### [Exercise description]
Copy, exactly and without additions, every line in the records below from the one holding "Born Snakeskin Patterned Flats - image 2" through the one holding "Outlines of ornament", both ends included.

### [Records drawn from a dataset]
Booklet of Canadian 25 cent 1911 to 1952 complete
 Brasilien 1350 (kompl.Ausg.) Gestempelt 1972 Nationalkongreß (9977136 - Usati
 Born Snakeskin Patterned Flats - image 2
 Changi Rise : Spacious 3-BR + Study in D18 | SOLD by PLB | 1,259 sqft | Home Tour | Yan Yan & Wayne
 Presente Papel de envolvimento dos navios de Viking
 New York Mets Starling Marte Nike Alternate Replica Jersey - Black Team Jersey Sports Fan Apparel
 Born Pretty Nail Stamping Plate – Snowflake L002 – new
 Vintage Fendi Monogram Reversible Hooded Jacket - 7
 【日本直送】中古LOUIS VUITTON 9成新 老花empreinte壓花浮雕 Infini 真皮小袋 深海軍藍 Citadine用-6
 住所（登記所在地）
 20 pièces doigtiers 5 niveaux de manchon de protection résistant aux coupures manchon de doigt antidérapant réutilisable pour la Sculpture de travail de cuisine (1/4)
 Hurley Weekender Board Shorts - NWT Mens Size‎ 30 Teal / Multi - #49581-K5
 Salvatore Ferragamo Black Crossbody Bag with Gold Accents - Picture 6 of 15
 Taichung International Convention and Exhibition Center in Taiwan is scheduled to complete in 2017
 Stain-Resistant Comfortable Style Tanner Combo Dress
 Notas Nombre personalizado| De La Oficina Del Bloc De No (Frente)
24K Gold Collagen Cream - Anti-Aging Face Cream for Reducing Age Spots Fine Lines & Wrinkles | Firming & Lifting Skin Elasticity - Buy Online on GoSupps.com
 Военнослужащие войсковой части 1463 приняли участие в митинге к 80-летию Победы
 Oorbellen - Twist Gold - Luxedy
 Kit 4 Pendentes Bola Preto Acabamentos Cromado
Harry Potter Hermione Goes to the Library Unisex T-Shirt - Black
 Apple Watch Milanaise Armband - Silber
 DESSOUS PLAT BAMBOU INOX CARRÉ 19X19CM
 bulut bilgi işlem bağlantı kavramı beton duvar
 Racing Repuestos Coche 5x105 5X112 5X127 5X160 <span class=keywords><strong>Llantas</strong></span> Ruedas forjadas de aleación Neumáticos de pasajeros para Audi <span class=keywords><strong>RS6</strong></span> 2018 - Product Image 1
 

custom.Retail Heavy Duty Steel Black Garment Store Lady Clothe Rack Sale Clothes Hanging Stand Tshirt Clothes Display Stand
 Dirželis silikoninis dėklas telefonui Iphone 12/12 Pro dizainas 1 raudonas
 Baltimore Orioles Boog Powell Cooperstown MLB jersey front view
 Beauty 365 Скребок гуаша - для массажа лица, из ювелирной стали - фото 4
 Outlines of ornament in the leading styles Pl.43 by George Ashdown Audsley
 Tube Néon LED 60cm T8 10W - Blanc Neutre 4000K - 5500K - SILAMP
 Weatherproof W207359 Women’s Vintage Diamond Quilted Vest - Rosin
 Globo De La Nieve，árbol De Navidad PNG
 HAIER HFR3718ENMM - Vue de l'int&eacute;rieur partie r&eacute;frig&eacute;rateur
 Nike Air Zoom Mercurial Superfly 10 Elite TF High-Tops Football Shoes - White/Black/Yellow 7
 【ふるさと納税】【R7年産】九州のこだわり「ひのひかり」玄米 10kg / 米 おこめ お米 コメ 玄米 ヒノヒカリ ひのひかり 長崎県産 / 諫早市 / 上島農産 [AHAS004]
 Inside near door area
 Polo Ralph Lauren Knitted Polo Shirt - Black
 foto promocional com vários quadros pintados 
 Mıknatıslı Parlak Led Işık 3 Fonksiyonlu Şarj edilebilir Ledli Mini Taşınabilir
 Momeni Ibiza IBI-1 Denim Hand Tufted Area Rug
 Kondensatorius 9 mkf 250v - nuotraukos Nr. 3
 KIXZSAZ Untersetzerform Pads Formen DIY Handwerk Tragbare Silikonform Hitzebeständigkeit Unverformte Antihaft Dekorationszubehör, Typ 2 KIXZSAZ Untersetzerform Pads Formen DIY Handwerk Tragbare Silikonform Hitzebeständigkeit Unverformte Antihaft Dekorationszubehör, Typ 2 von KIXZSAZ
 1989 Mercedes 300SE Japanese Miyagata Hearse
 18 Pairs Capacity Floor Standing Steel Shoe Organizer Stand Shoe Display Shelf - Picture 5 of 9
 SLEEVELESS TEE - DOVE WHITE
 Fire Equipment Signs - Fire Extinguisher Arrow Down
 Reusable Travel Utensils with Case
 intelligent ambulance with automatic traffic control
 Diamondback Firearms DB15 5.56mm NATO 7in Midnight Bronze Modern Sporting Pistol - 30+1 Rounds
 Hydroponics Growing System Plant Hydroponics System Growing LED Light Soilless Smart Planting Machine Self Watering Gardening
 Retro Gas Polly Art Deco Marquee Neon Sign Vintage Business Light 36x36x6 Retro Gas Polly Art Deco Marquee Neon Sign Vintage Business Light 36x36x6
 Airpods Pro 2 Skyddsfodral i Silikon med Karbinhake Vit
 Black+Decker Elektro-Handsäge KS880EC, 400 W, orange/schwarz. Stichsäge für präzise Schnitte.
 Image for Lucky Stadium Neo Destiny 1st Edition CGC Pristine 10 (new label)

### [Problem solution]
 Born Snakeskin Patterned Flats - image 2
 Changi Rise : Spacious 3-BR + Study in D18 | SOLD by PLB | 1,259 sqft | Home Tour | Yan Yan & Wayne
 Presente Papel de envolvimento dos navios de Viking
 New York Mets Starling Marte Nike Alternate Replica Jersey - Black Team Jersey Sports Fan Apparel
 Born Pretty Nail Stamping Plate – Snowflake L002 – new
 Vintage Fendi Monogram Reversible Hooded Jacket - 7
 【日本直送】中古LOUIS VUITTON 9成新 老花empreinte壓花浮雕 Infini 真皮小袋 深海軍藍 Citadine用-6
 住所（登記所在地）
 20 pièces doigtiers 5 niveaux de manchon de protection résistant aux coupures manchon de doigt antidérapant réutilisable pour la Sculpture de travail de cuisine (1/4)
 Hurley Weekender Board Shorts - NWT Mens Size‎ 30 Teal / Multi - #49581-K5
 Salvatore Ferragamo Black Crossbody Bag with Gold Accents - Picture 6 of 15
 Taichung International Convention and Exhibition Center in Taiwan is scheduled to complete in 2017
 Stain-Resistant Comfortable Style Tanner Combo Dress
 Notas Nombre personalizado| De La Oficina Del Bloc De No (Frente)
24K Gold Collagen Cream - Anti-Aging Face Cream for Reducing Age Spots Fine Lines & Wrinkles | Firming & Lifting Skin Elasticity - Buy Online on GoSupps.com
 Военнослужащие войсковой части 1463 приняли участие в митинге к 80-летию Победы
 Oorbellen - Twist Gold - Luxedy
 Kit 4 Pendentes Bola Preto Acabamentos Cromado
Harry Potter Hermione Goes to the Library Unisex T-Shirt - Black
 Apple Watch Milanaise Armband - Silber
 DESSOUS PLAT BAMBOU INOX CARRÉ 19X19CM
 bulut bilgi işlem bağlantı kavramı beton duvar
 Racing Repuestos Coche 5x105 5X112 5X127 5X160 <span class=keywords><strong>Llantas</strong></span> Ruedas forjadas de aleación Neumáticos de pasajeros para Audi <span class=keywords><strong>RS6</strong></span> 2018 - Product Image 1
 

custom.Retail Heavy Duty Steel Black Garment Store Lady Clothe Rack Sale Clothes Hanging Stand Tshirt Clothes Display Stand
 Dirželis silikoninis dėklas telefonui Iphone 12/12 Pro dizainas 1 raudonas
 Baltimore Orioles Boog Powell Cooperstown MLB jersey front view
 Beauty 365 Скребок гуаша - для массажа лица, из ювелирной стали - фото 4
 Outlines of ornament in the leading styles Pl.43 by George Ashdown Audsley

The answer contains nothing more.